**Your task**
Excluding pictures, what does the listing below contain from the line with "If file vault" up to and including the line with "You're going to", word for word?

**Information supplied**
──────

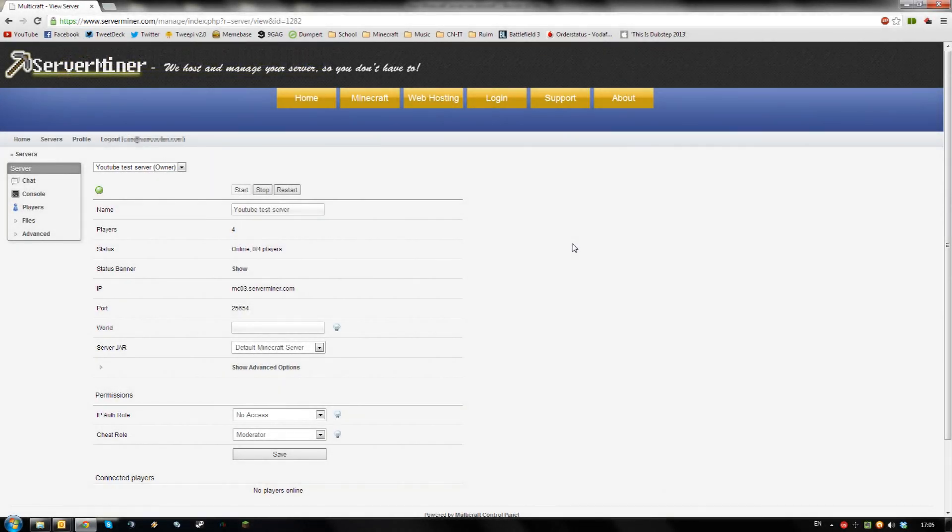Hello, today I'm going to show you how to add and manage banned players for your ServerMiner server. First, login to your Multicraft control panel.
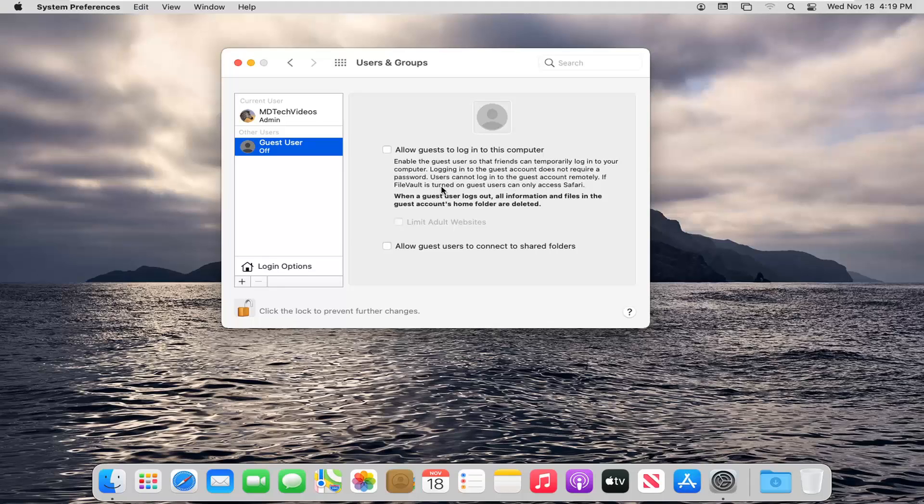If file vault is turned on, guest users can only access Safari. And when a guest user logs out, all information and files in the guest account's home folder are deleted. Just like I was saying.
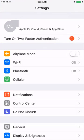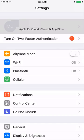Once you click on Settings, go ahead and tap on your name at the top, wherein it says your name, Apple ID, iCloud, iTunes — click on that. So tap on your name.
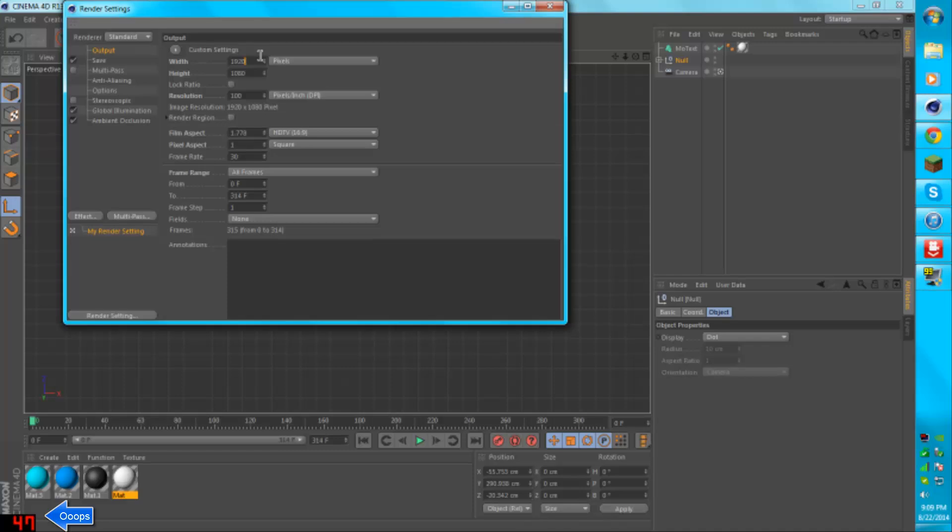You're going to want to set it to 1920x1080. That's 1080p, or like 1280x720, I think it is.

──────

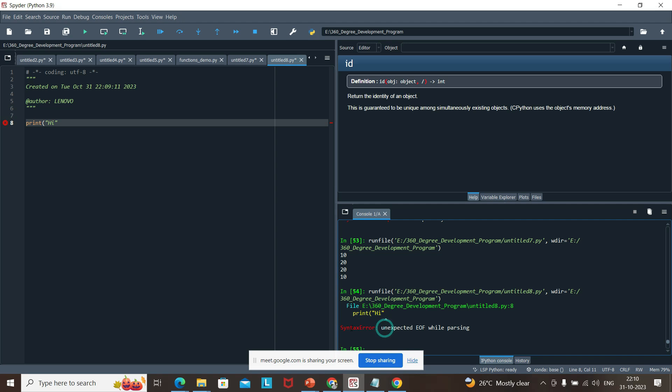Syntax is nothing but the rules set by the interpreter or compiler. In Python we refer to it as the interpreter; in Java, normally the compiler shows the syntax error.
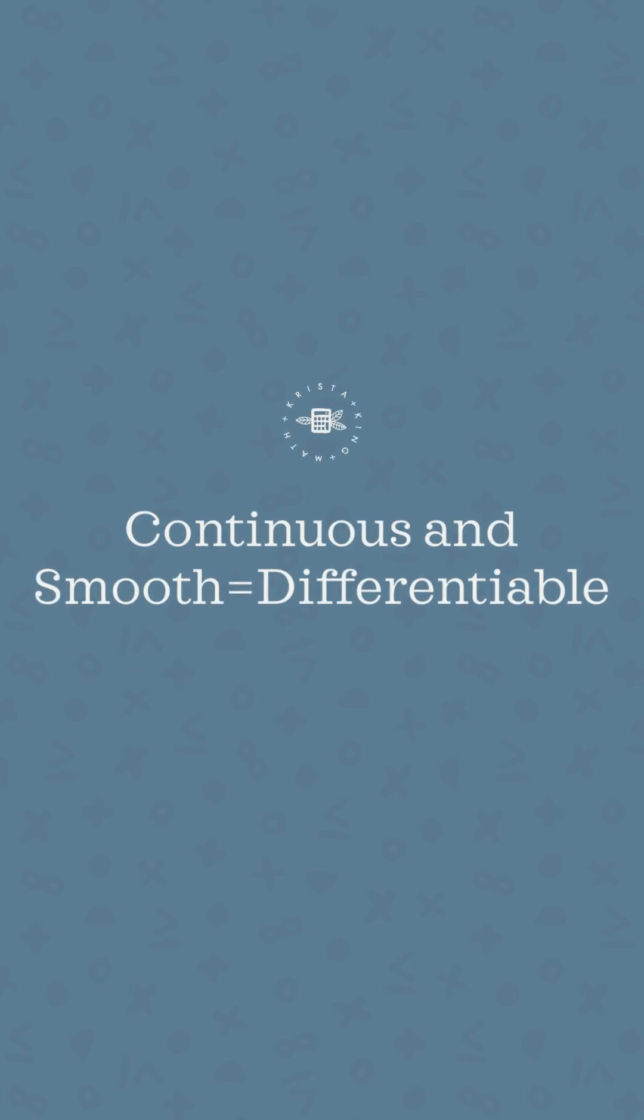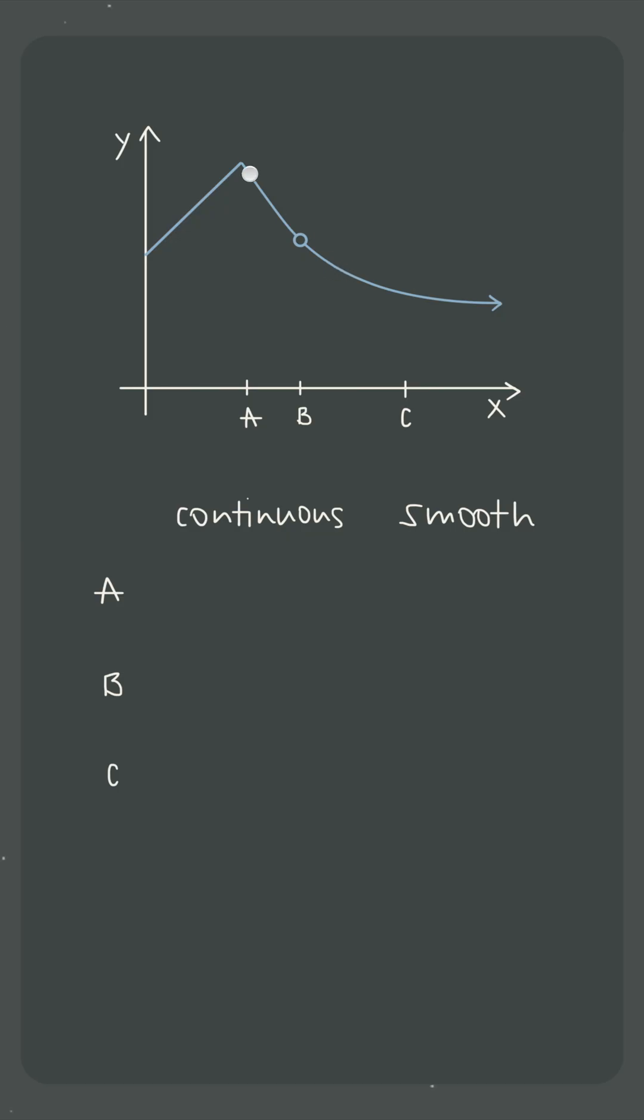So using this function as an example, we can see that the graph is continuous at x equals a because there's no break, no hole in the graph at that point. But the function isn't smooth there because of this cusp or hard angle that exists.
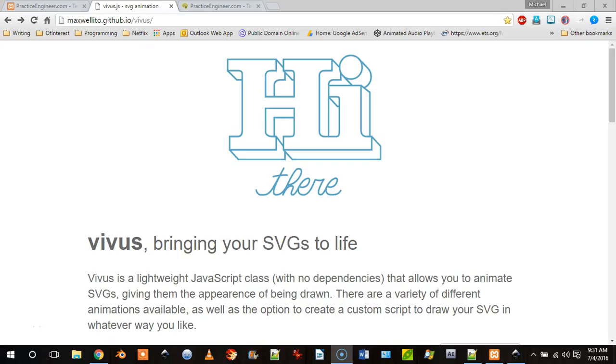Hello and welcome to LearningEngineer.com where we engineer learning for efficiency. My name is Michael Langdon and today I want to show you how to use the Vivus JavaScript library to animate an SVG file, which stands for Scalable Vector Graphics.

──────

**Solution for this exercise**
If file vault is turned on, guest users can only access Safari. And when a guest user logs out, all information and files in the guest account's home folder are deleted. Just like I was saying.
Once you click on Settings, go ahead and tap on your name at the top, wherein it says your name, Apple ID, iCloud, iTunes — click on that. So tap on your name.
You're going to want to set it to 1920x1080. That's 1080p, or like 1280x720, I think it is.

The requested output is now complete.